Let's run some benchmarks!
In this chapter I am executing scripts in C# and U#, and compare execution times
- U# vs C#
- For loop
- Recursive vs iterative
- Builtin functions vs calculating something manually
- Function overhead test
- GetComponent<>()
- Calling methods from a separate script
- Caching Networking.LocalPlayer
- The "ref" keyword
- 400 Update() calls vs one Update() call iterating 400 times
U# vs C#
U# is noticeably slower than regular C#, to benchmark it I decided to execute two scripts in U# and C#, one calculates the n-th Fibonacci number, the second one generates a maze.
To make those tests a bit fairer, I disable the C# compiler optimization, since the U# compiler does not optimize your scripts during compilation.
Recursive functions
For this test I executed a script that calculates the n-th Fibonacci number, the Fibonacci method looks like this
[RecursiveMethod]
public int FibonacciRecursive(int n)
{
if (n <= 1)
return n;
else
return FibonacciRecursive(n - 1) + FibonacciRecursive(n - 2);
}
Since FibonacciRecursive
is a recursive function, the [RecursiveMethod]
attribute need to be added.
This is really a horrible way to calculates the n-th Fibonacci number because certain method calls get called multiple times, and the number of method calls rise very quickly :
Fibonacci(1)
calls the Fibonacci method 1 timeFibonacci(2)
calls the Fibonacci method 3 timesFibonacci(10)
calls the Fibonacci method 177 timesFibonacci(22)
calls the Fibonacci method 57313 time
So I felt like this test is a great way to determine how well U# performs this task, and I executed Fibonacci(22)
in C# and U#
C# time : 0.189 ms
U# time : 684.577 ms
U# was 3629 times slower!
Maze generator
In my "Circuit Master" world, I wrote a custom maze generator algorithm, which I unfortunately cannot share because the algorithm is about 1600 lines long.
I decided to compare the execution time of that algorithm because that would be a more realistic test, it uses pretty much everything (Unity functions, custom list implementations, for-loops, bit manipulations etc.).

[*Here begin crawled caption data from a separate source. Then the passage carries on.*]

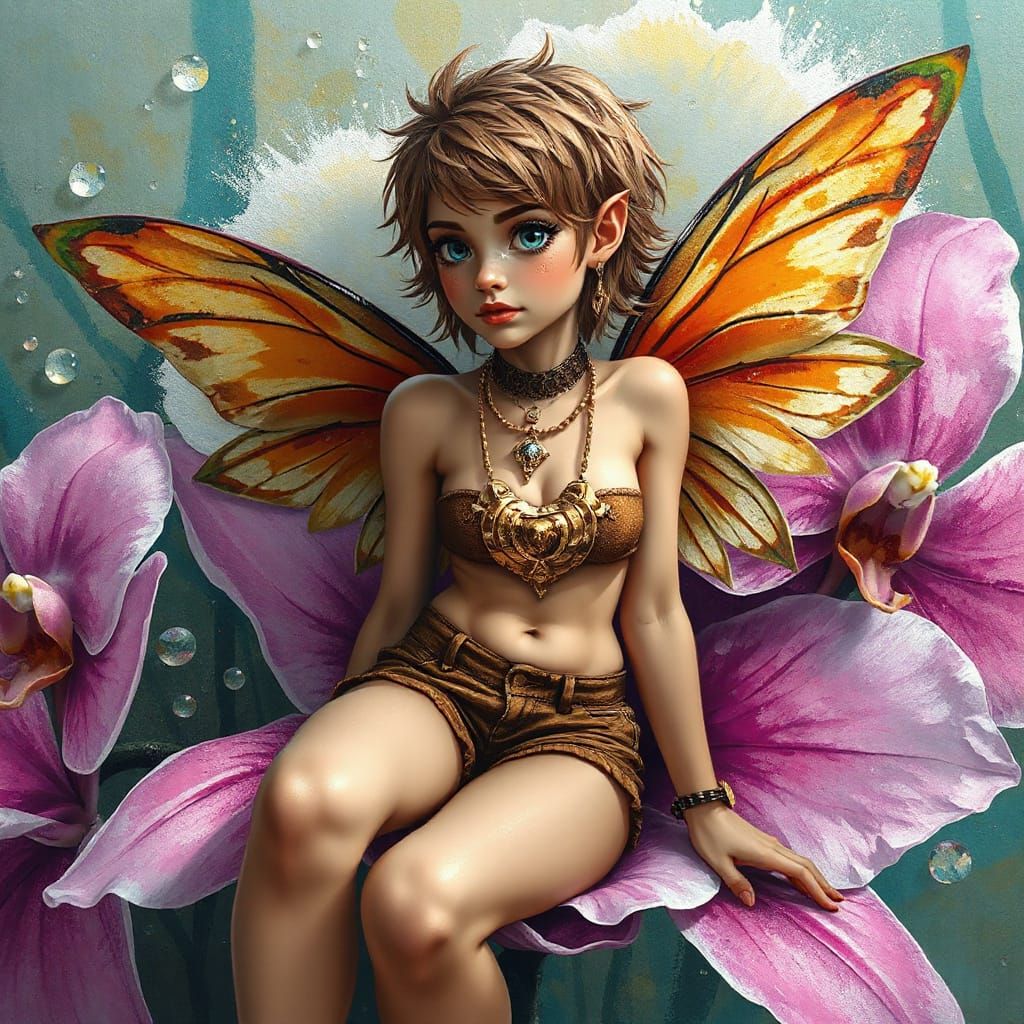 Pixie with Wings in Graffiti Art Style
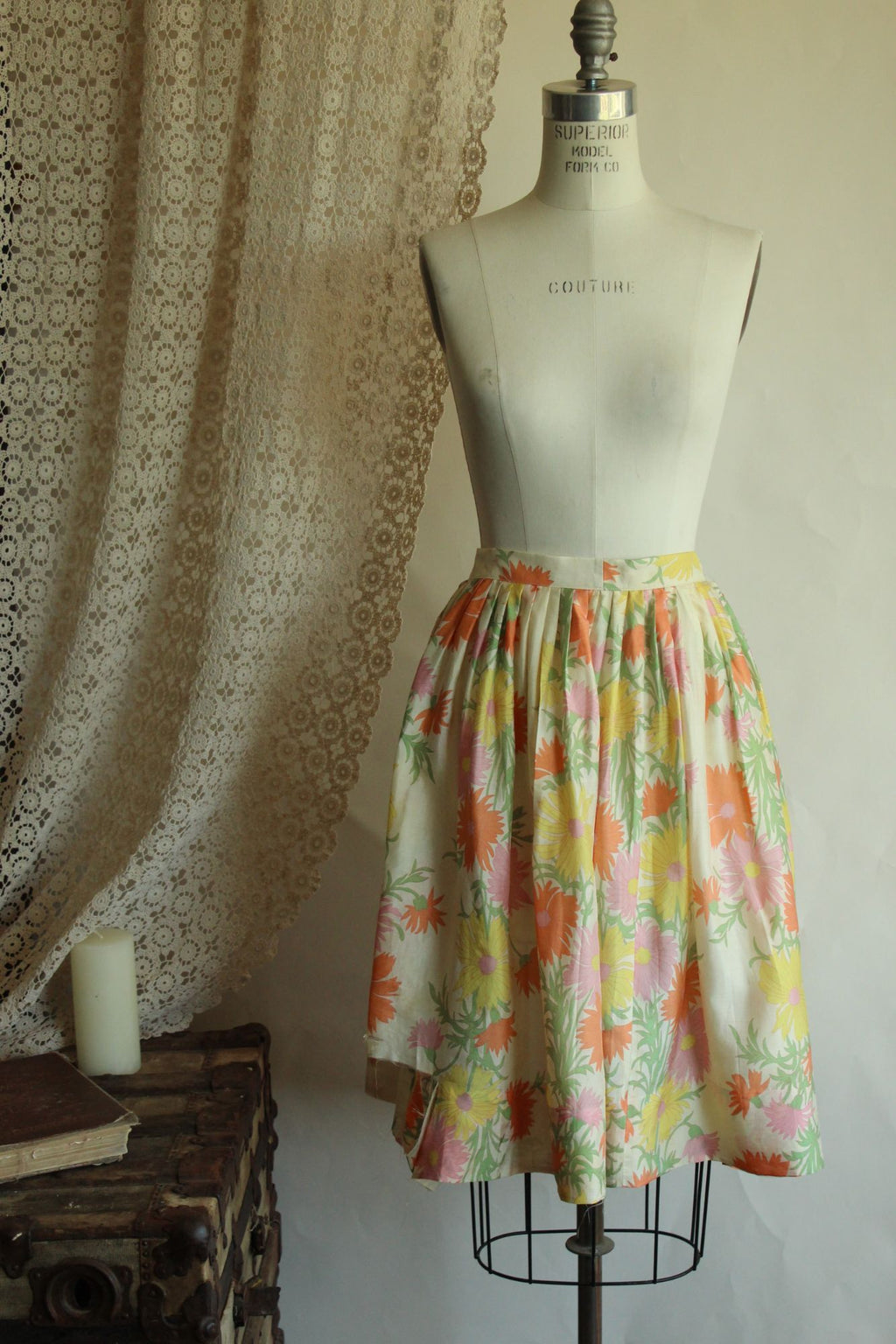 Vintage 1960s Silk Pastel Floral Pleated Circle Skirt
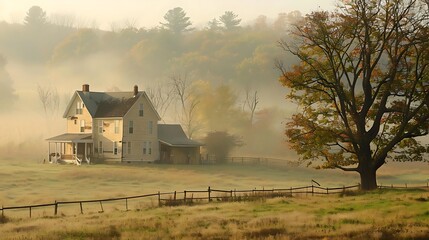 country farmhouse in misty morning light, framed by a tall tree and a wooden fence, with a black and gray roof and a glass window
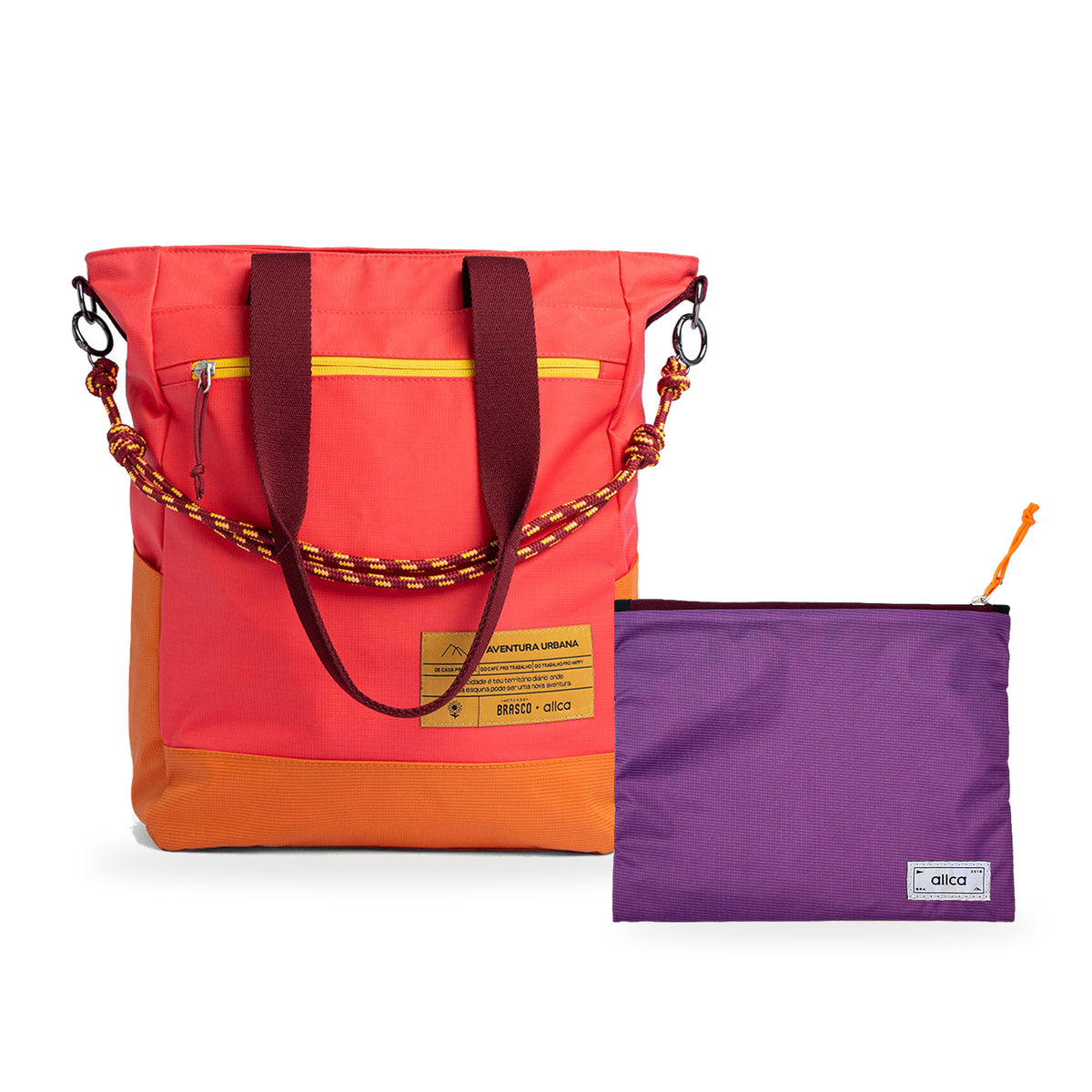 Kit Tote + Lima - Brasco — Coral Esquina com Nécessaire Lima Roxo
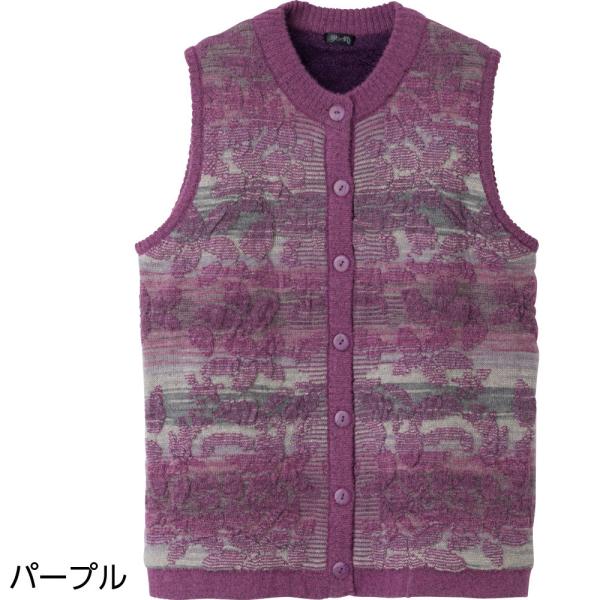 かすり調丸洗い裏ボアベスト   婦人 レディース トップス シニアファッション 敬老の日 母の日 ギ...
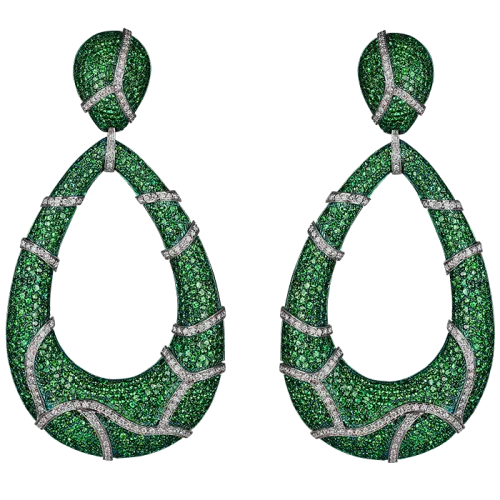 Tsavorite Diamond Drop Earrings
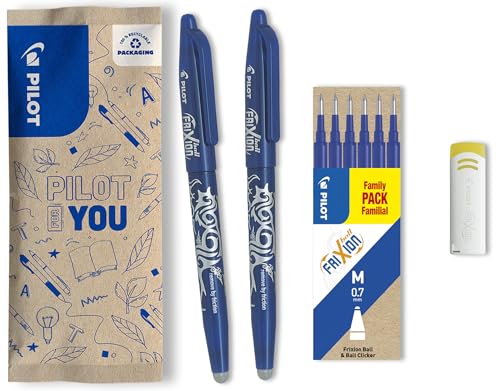 PILOT - 2 Frixion Ball + 1 set de 6 recharges + 1 gomme - Encre Gel Effaçable - Stylo Roller Rechargeable et Ergonomique - Bleu - Pointe moyenne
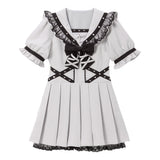 【新春セール】十字架レースフリルハートクロスベルトセーラーワンピース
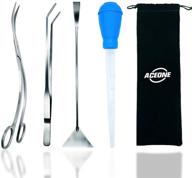 aquascaping tools set: 5-in-1 stainless steel aquarium kit with wave scissors, tweezers, spatula, squirt feeder, and ph tester for optimal care of fish tank aquatic plants logo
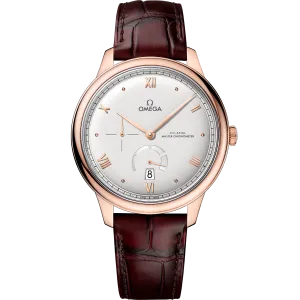Omega De Ville Prestige 41 mm, Sedna™ gold on leather strap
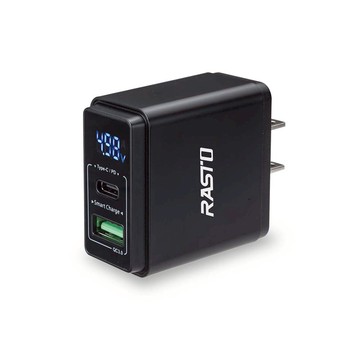 【特價】RASTO RB10 電流+電壓顯示 20W PD+QC3.0 雙孔快速充電器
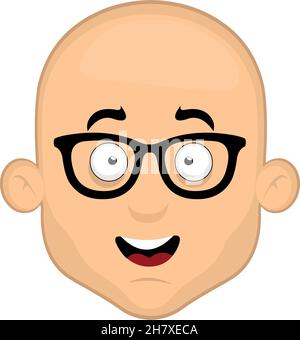 Vector Emoticon Illustration des Gesichts eines Cartoon Glatze Mann mit Nerd Brille Stock Vektor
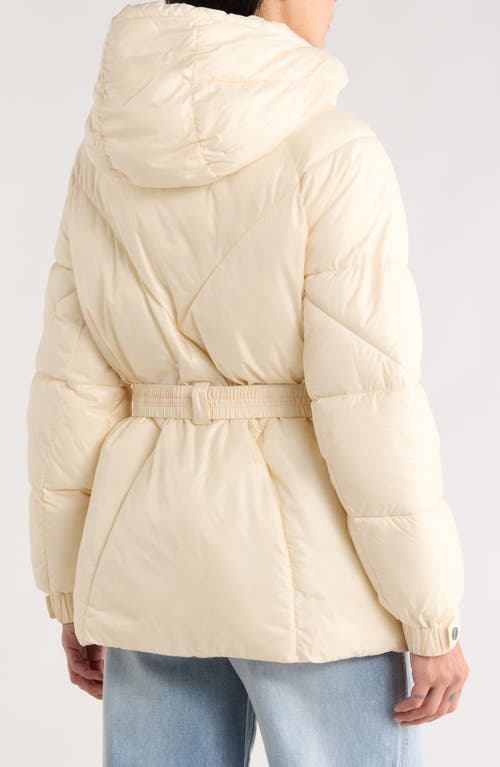 Bcbgeneration Missy Belted Puffer Coat In Neutral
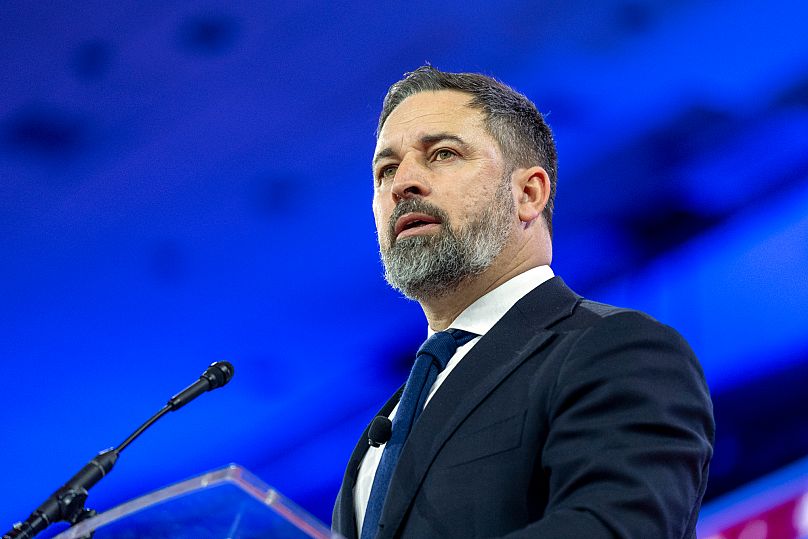 Santiago Abascal, lider prawicowej partii Vox, przemawia podczas konserwatywnej konferencji CPAC, 2024. 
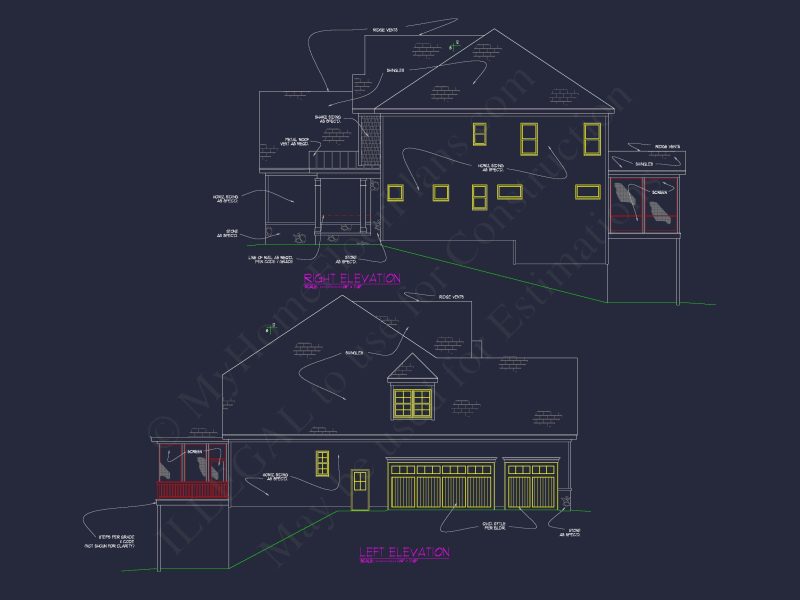 Elegant house Plan with Detailed Blueprints and 2-Story Design
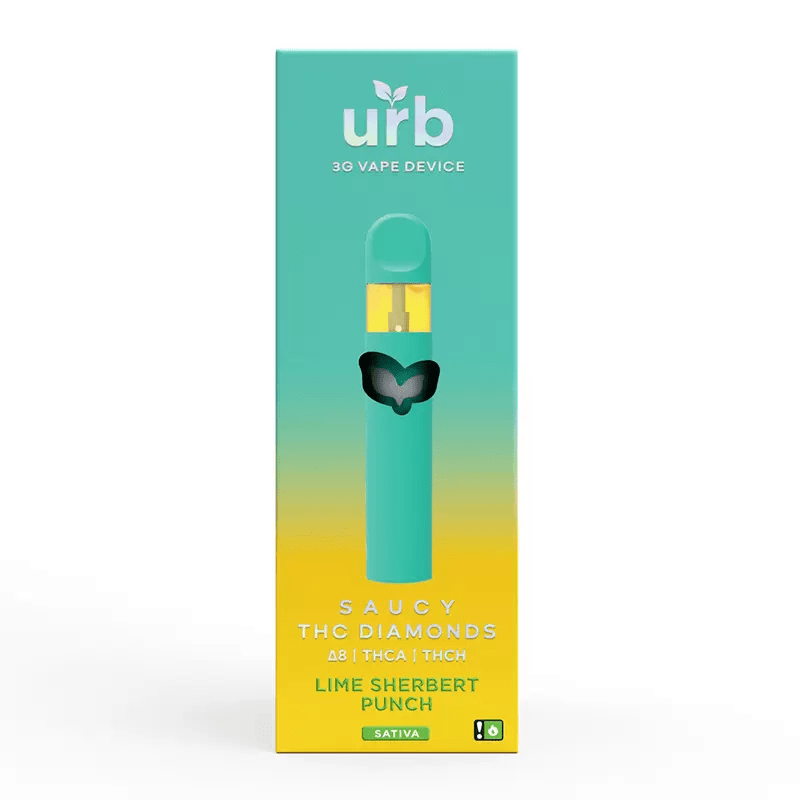 saucy thc diamonds disposable 3ml lime sherbet punch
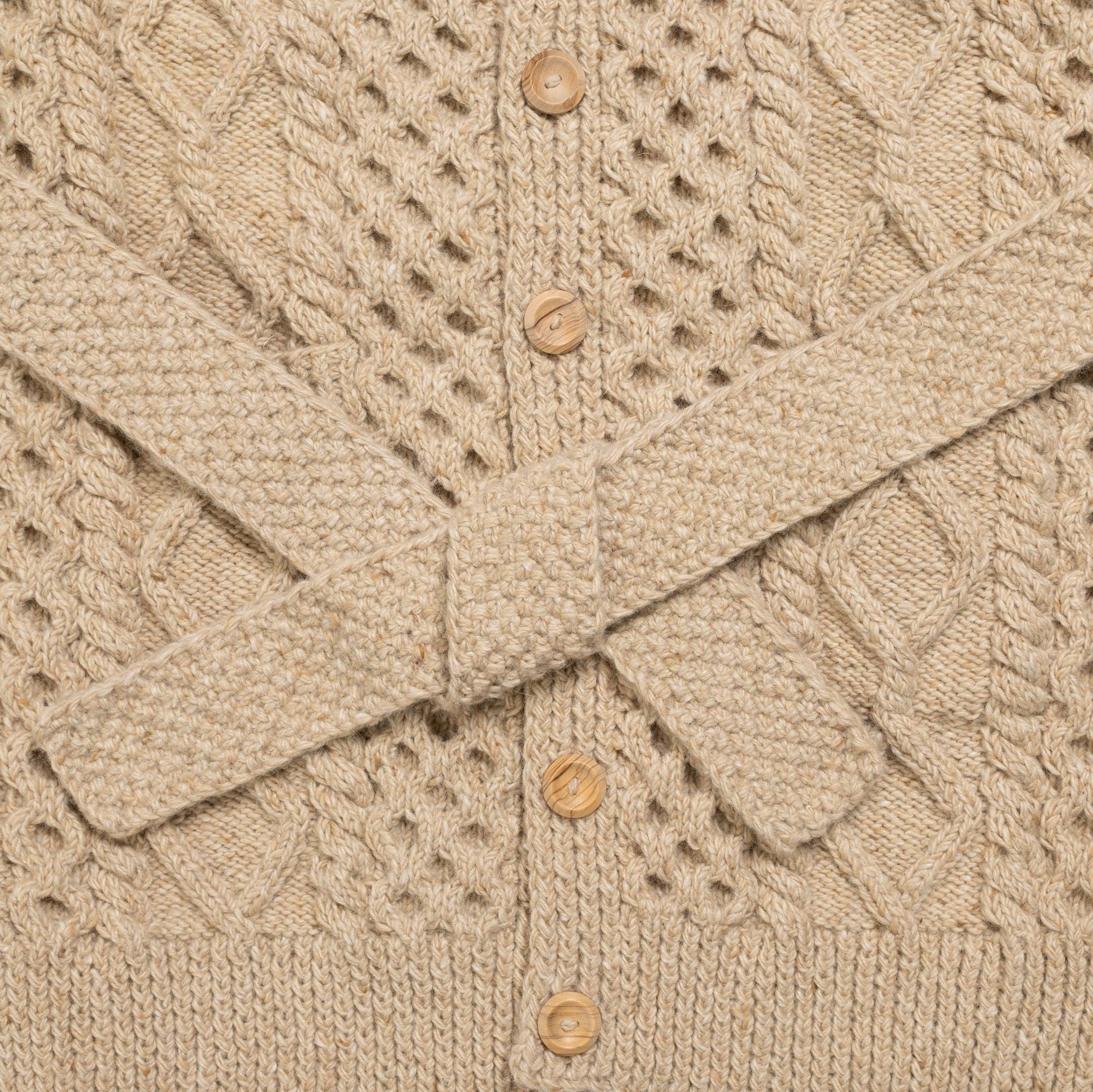 Allevol x Inverallan Shawl Collar Cardigan 6A Long Oatmeal-Knitwear-Clutch Cafe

The algorithm does not call any recursive functions, but implements a custom stack made out of a ring buffer (ttps://en.wikipedia.org/wiki/Circular_buffer.) which is a very fast container to build and read a stack
C# time : 1.609 ms
U# time : 972.712 ms
U# was 604 times slower!
Based on the previous results, we can see that U# is much slower than regular C#, so keeping your code optimized is even more important in U#!
For loop
For this test I was curious to see how well Udon executes for-loops, and the results I got were really unexpected.
I executed two methods Benchmark1
and Benchmark2
and compared their execution time.
public override void Benchmark1()
{
int number = 0;
for (int i = 0; i < 50000; i++)
{
number++;
}
}
public override void Benchmark2()
{
int number = 0;
for (int i = 0; i < 50000; i+=5)
{
number++;
number++;
number++;
number++;
number++;
}
}
Both methods execute a for-loop, and both of them go from 0 to 50000, except that the second method has the step set to 5 and each loop executes 5 instructions instead of 1. So both methods do the exact same thing, except that the second one only loops 10000 times instead of 50000.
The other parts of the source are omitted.